**Required work**:
Find "Mizuno Wave Momentum 3 In White" in the listing below, then set down only that line and each later line, unchanged, leaving out pictures.

**Data section**:

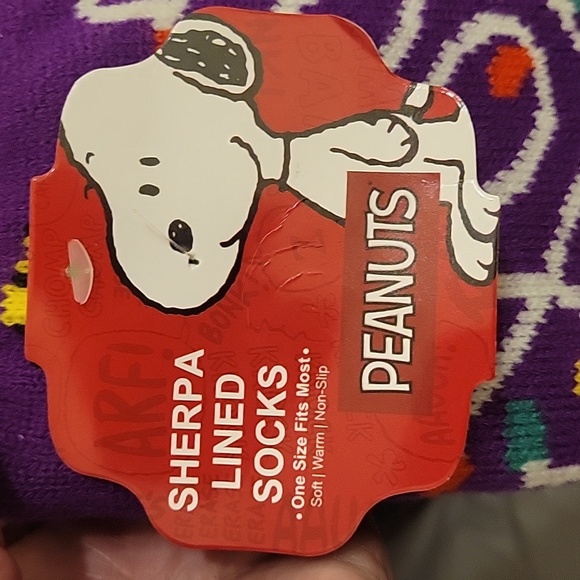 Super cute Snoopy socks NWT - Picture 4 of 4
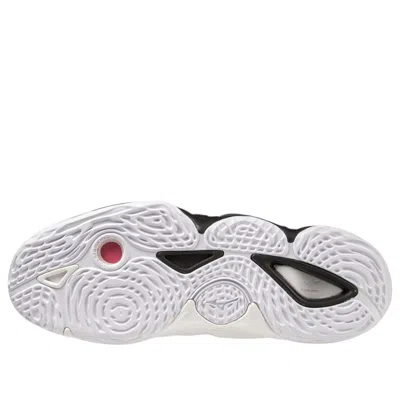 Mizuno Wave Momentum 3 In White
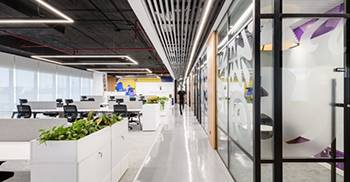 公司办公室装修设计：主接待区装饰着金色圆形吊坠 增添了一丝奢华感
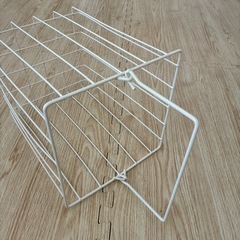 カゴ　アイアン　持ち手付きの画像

**Solution for this exercise**:
 Mizuno Wave Momentum 3 In White
 公司办公室装修设计：主接待区装饰着金色圆形吊坠 增添了一丝奢华感
 カゴ　アイアン　持ち手付きの画像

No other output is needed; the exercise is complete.